*THE PROBLEM*
Find "Clementoni Galileo Glitter-Flummis" below and begin at its line; stop after the line with "Litokol Starlike Evo". Output those lines exactly, without pictures.
━━━━━━━━━━
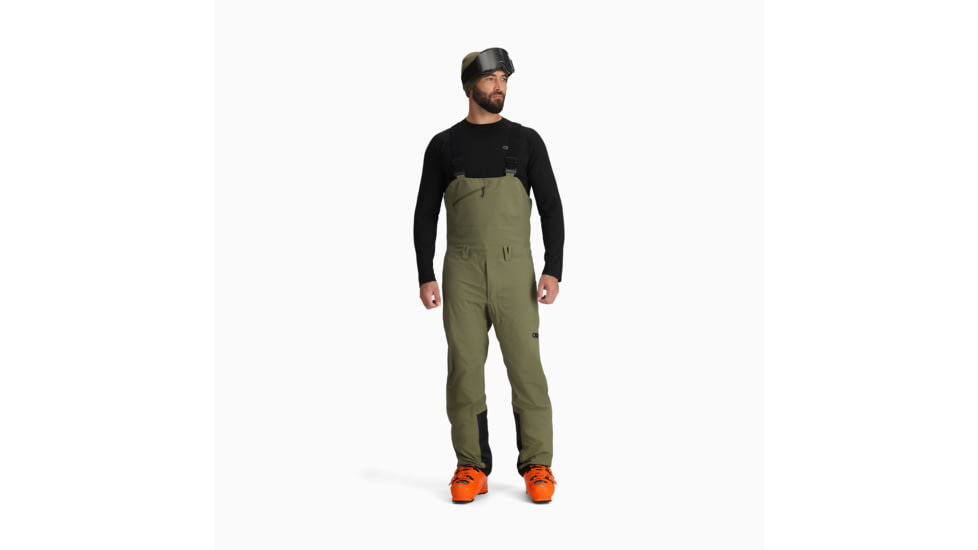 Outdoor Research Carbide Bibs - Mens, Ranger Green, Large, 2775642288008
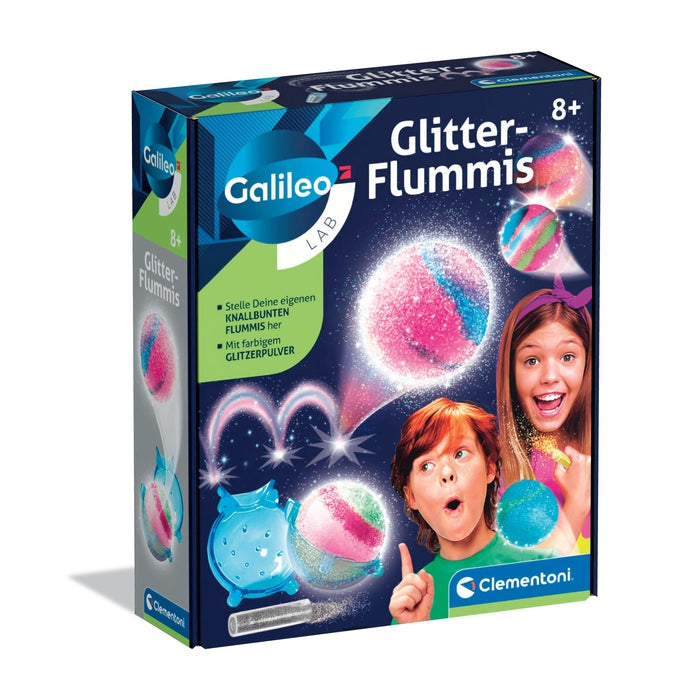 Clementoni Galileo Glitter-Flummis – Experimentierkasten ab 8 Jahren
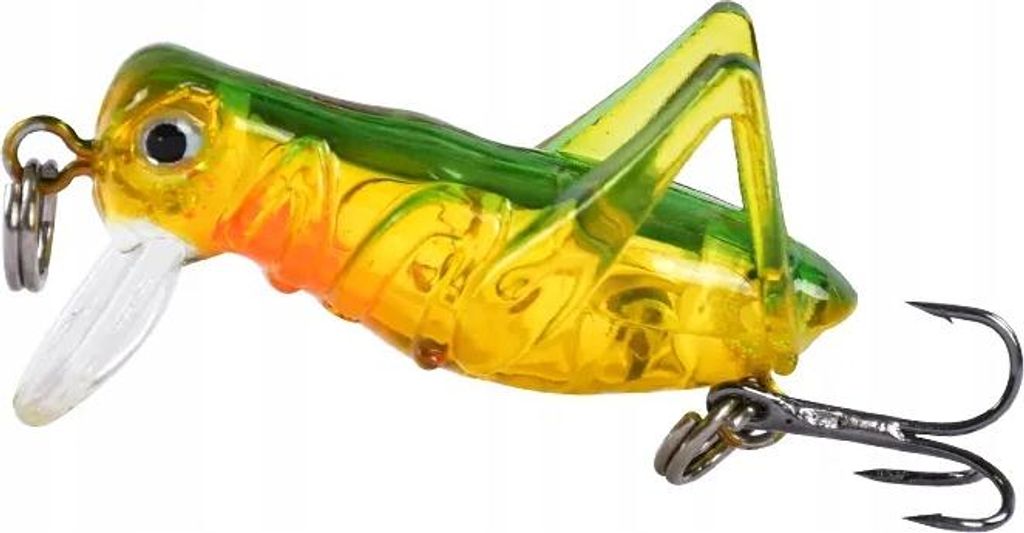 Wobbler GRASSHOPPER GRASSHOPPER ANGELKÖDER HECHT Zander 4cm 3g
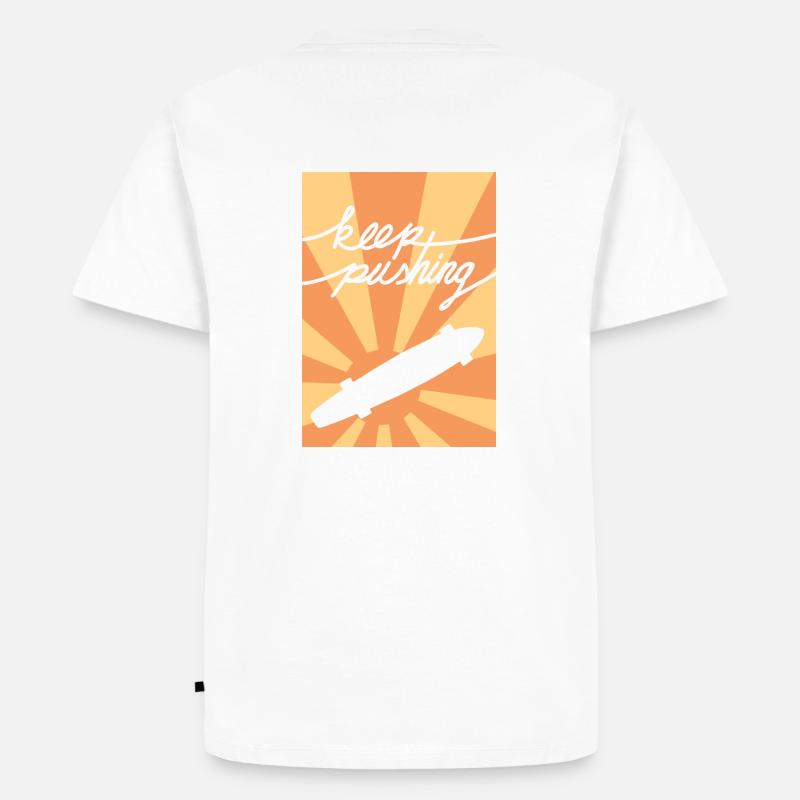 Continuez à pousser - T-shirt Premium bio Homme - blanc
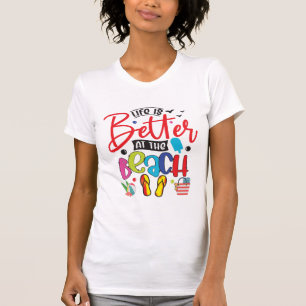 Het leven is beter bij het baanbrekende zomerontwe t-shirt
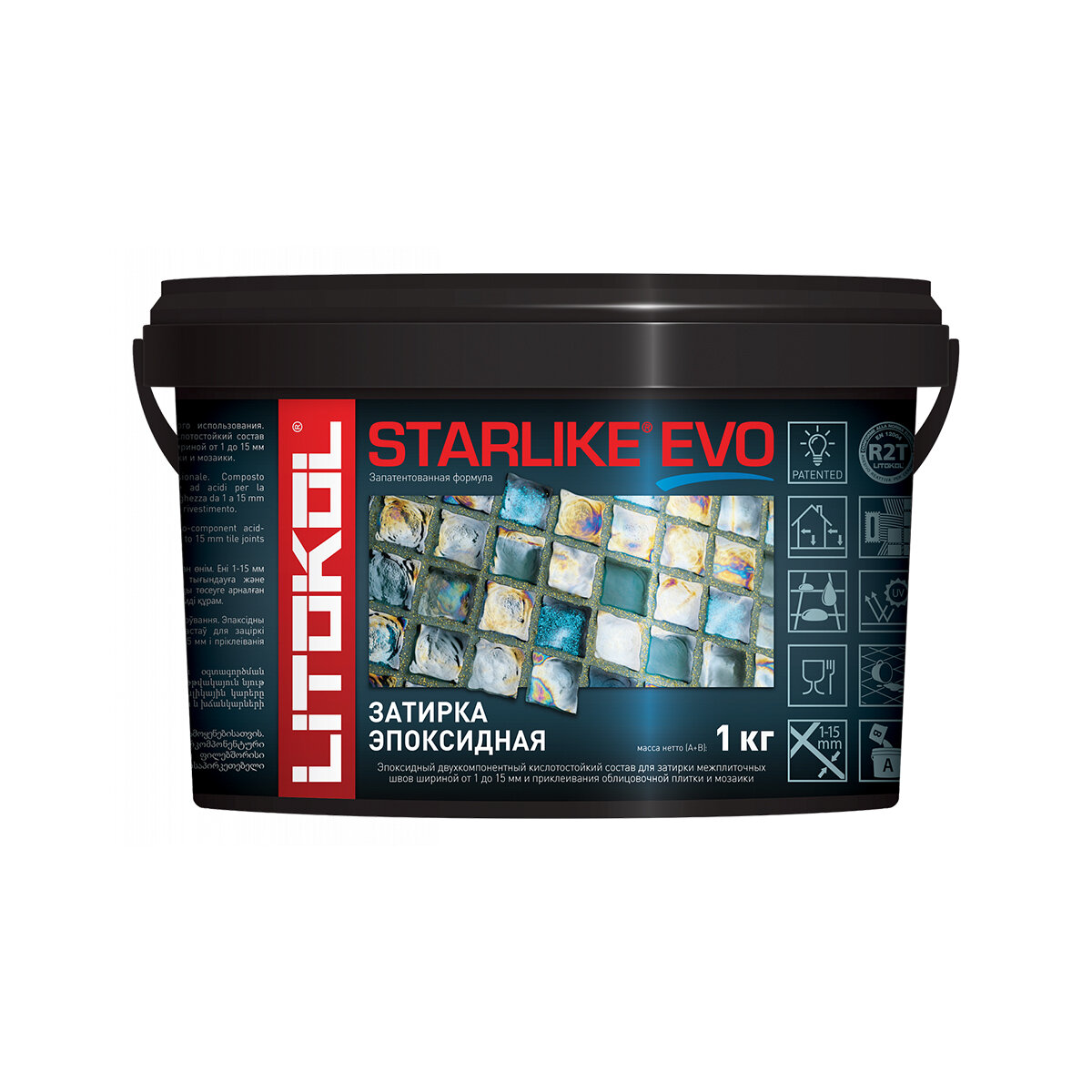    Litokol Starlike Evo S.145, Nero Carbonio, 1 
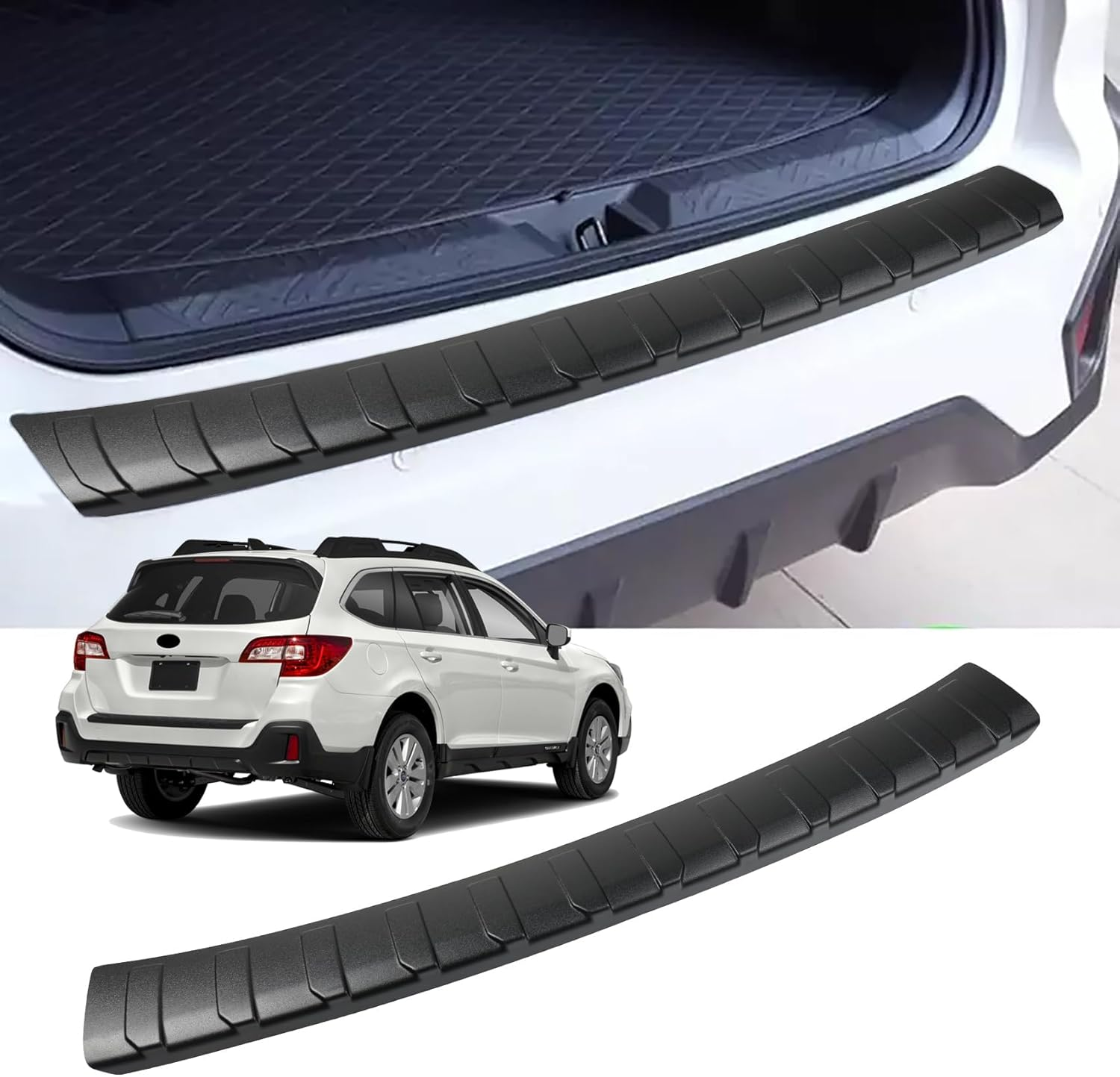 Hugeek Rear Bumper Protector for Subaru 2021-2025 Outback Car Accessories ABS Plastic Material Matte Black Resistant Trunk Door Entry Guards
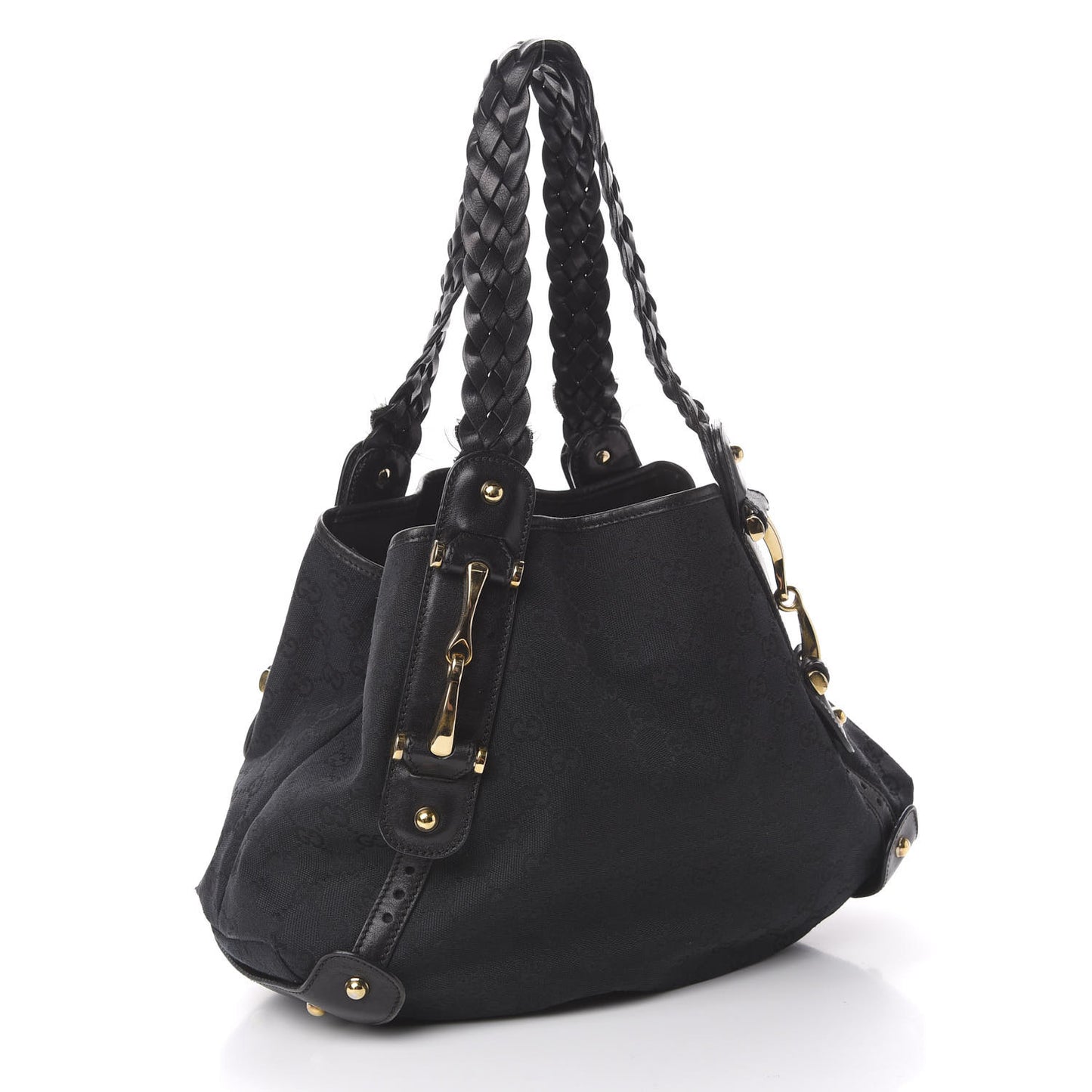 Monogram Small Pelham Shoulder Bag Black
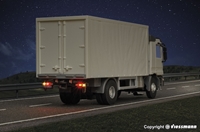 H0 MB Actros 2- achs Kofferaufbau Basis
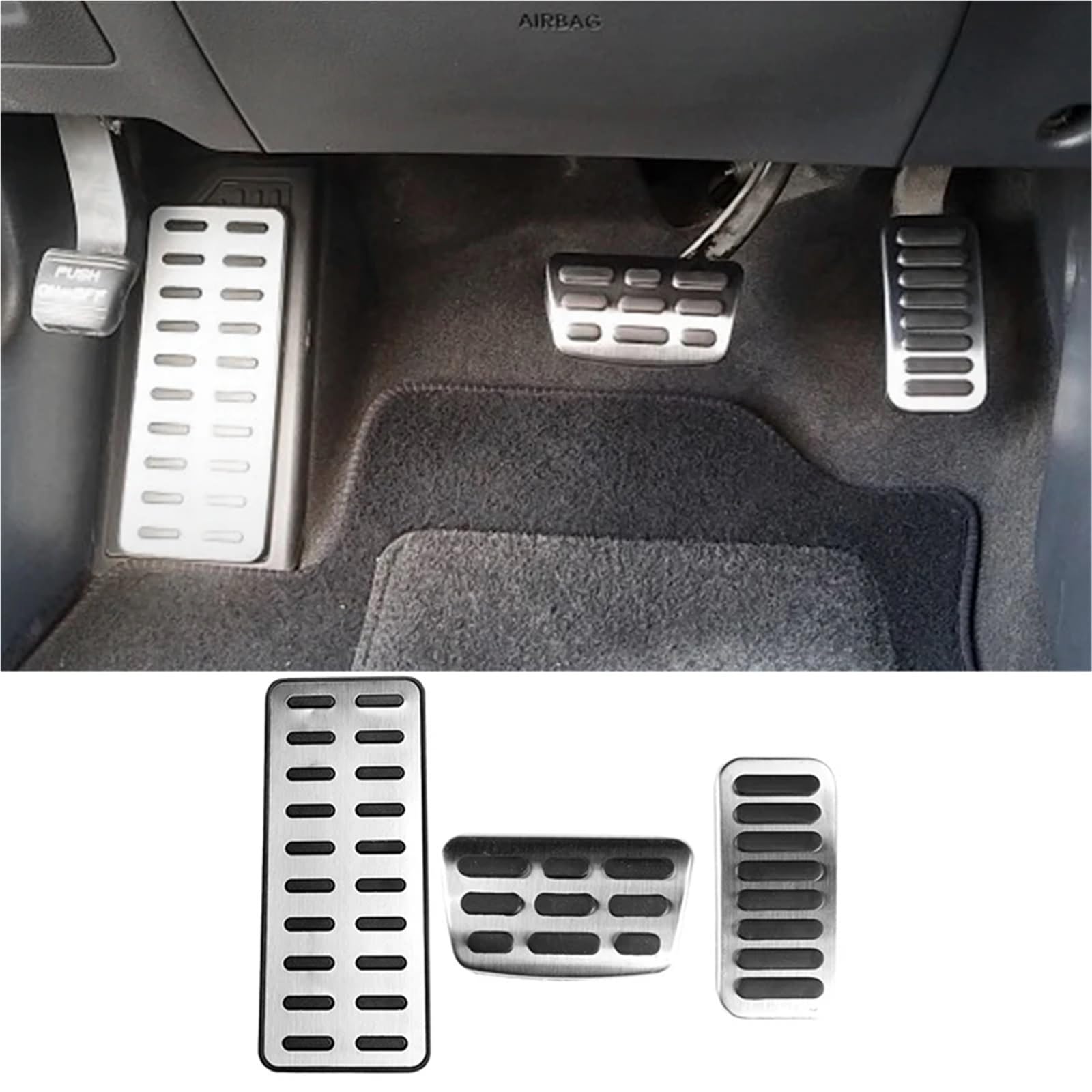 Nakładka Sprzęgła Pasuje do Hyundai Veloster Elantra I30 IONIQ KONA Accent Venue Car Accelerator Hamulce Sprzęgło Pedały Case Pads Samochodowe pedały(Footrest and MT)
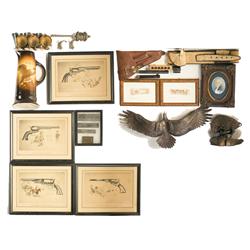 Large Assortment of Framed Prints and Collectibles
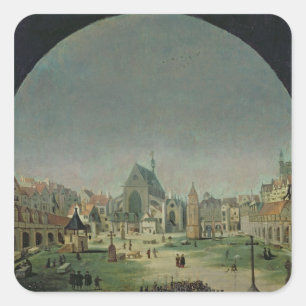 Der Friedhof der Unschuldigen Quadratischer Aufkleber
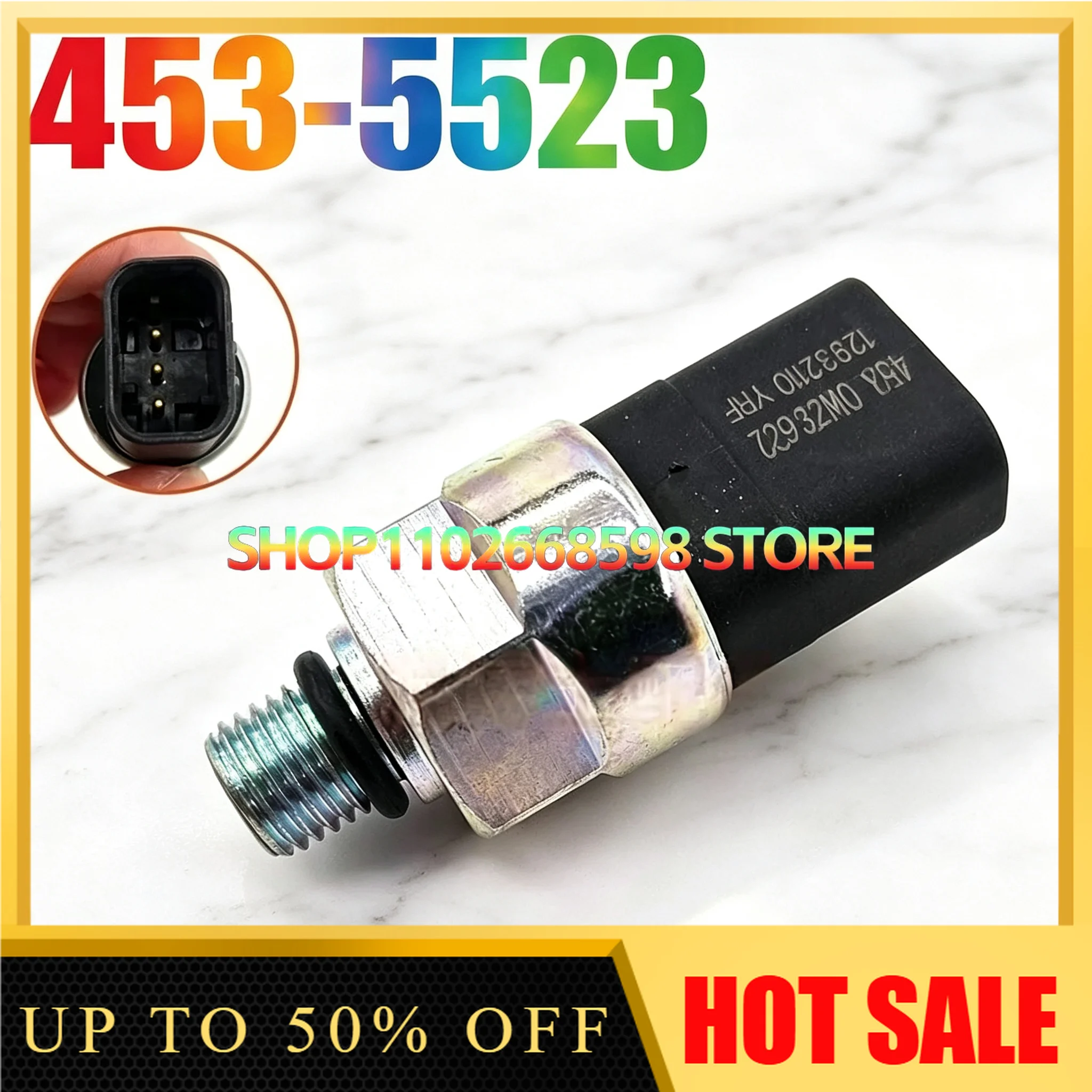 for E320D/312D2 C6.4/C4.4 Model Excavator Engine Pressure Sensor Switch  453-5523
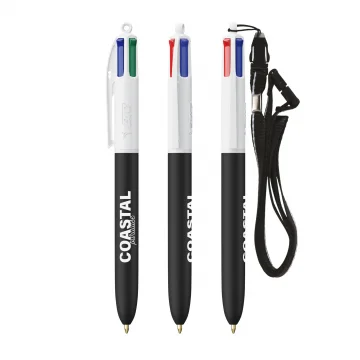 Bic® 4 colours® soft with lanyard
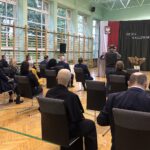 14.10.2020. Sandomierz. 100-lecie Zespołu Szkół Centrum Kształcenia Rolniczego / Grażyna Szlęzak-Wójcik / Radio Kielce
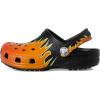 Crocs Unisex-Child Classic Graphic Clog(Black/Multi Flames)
━━━━━━━━━━
*EXPECTED ANSWER*
 Clementoni Galileo Glitter-Flummis – Experimentierkasten ab 8 Jahren
 Wobbler GRASSHOPPER GRASSHOPPER ANGELKÖDER HECHT Zander 4cm 3g
 Continuez à pousser - T-shirt Premium bio Homme - blanc
 Het leven is beter bij het baanbrekende zomerontwe t-shirt
    Litokol Starlike Evo S.145, Nero Carbonio, 1 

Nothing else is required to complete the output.